◆ What the exercise asks ◆
In the data below, find the line containing "Karl Lagerfeld Jeans", then set down that line and every later line up to and including the line containing "AUGARTEN WIEN CANDLESTICK", exactly.

◆ Task inputs ◆
• • • • • • •
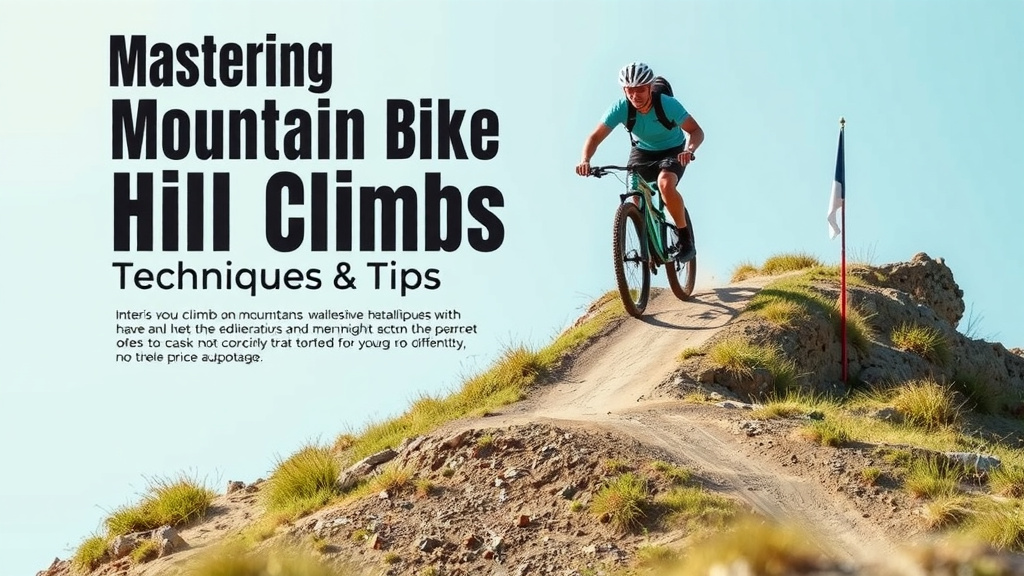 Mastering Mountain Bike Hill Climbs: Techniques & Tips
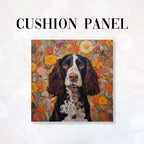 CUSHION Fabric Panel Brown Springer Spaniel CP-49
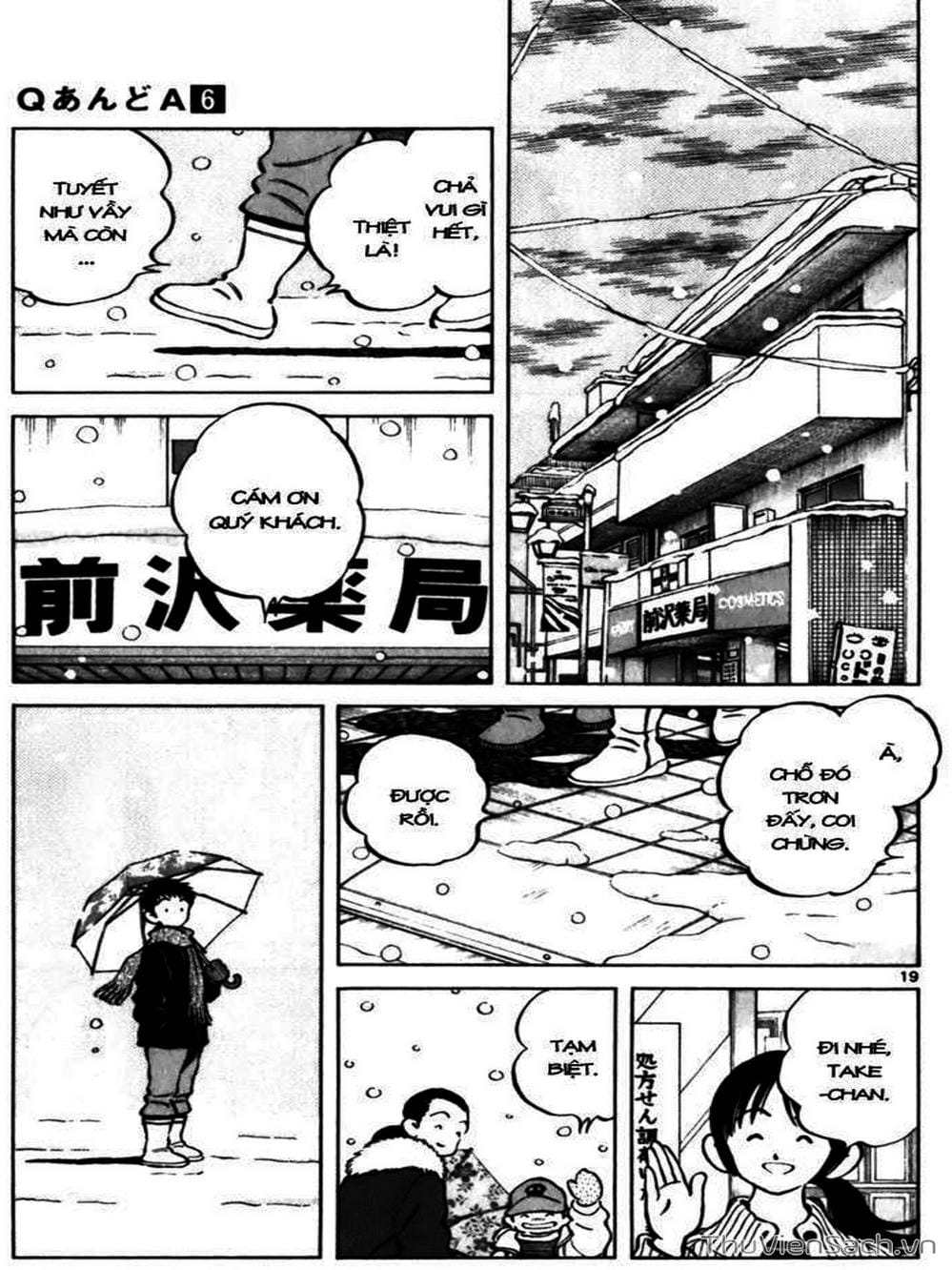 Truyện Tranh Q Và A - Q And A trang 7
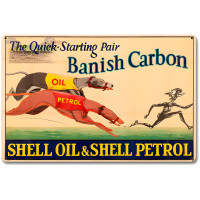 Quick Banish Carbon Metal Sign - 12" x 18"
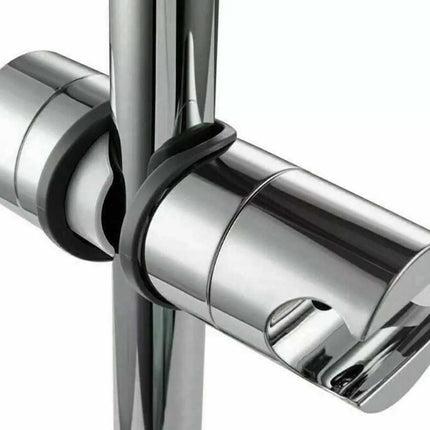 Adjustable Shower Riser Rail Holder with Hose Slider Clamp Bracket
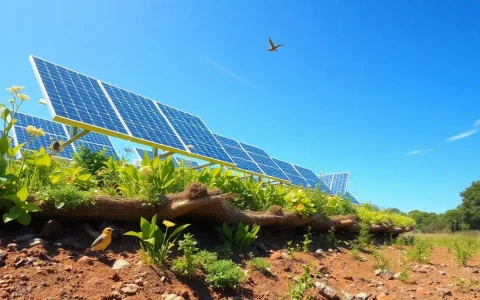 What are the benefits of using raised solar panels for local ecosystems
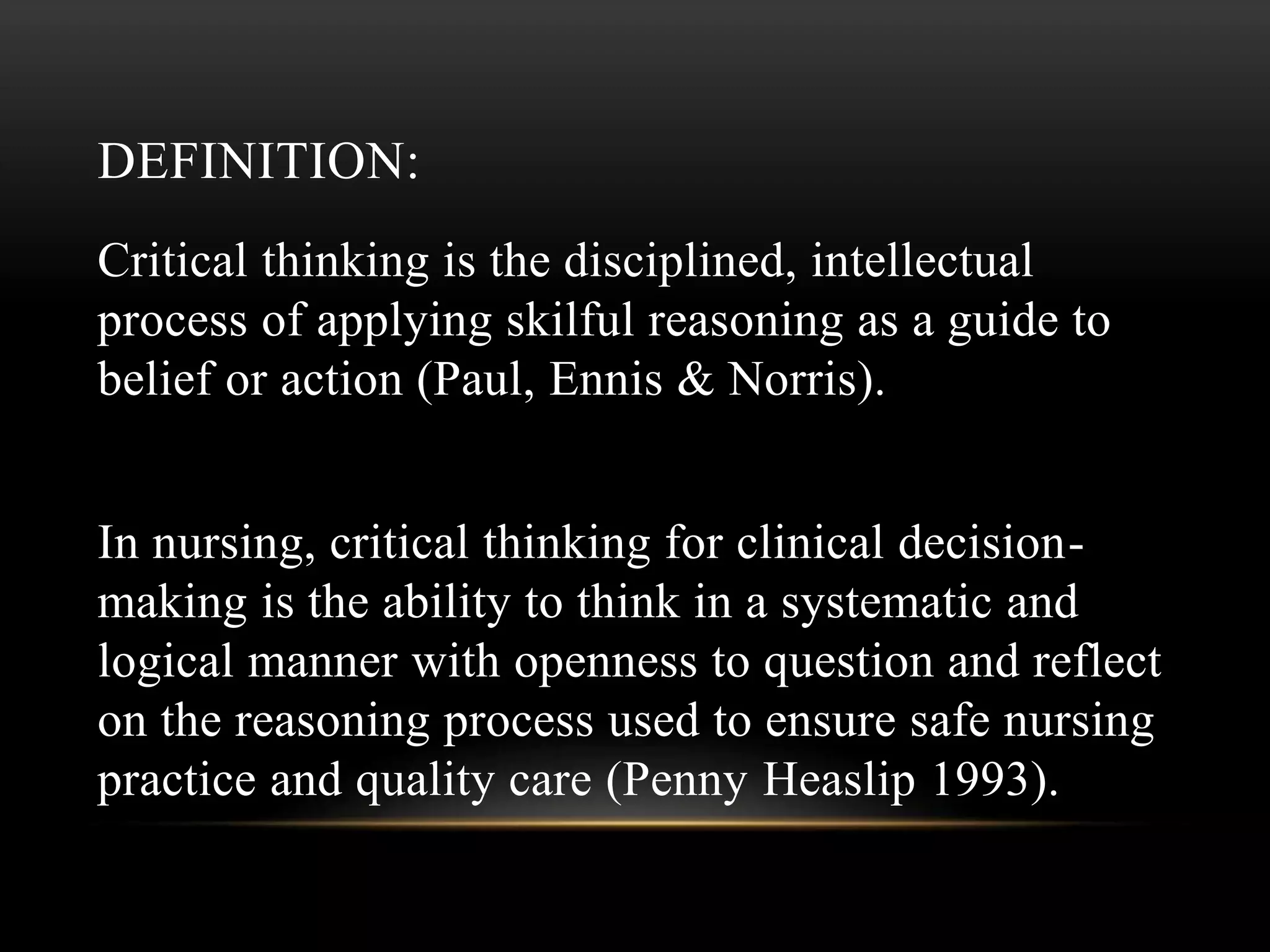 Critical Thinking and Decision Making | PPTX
• • • • • • •
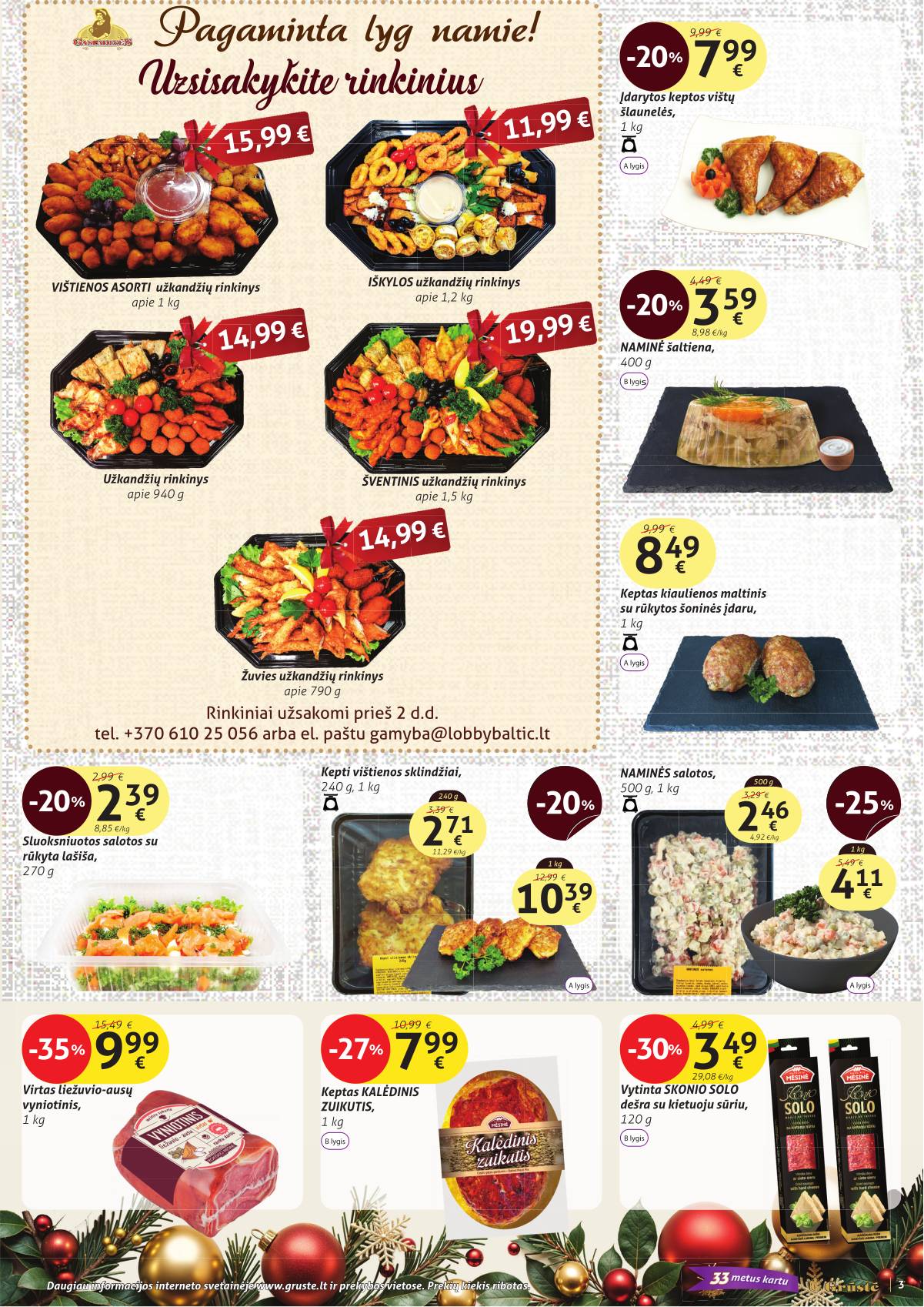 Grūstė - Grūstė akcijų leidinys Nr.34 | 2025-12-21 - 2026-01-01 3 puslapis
• • • • • • •
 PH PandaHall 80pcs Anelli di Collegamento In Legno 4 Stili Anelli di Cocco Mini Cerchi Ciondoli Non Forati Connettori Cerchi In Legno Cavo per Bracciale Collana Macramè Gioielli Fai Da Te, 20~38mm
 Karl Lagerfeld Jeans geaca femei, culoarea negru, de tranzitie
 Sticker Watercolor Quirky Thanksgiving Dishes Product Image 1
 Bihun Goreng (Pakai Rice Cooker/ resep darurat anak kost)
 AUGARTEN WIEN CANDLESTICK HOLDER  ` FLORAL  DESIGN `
• • • • • • •
◆ Expected answer ◆
 Karl Lagerfeld Jeans geaca femei, culoarea negru, de tranzitie
 Sticker Watercolor Quirky Thanksgiving Dishes Product Image 1
 Bihun Goreng (Pakai Rice Cooker/ resep darurat anak kost)
 AUGARTEN WIEN CANDLESTICK HOLDER  ` FLORAL  DESIGN `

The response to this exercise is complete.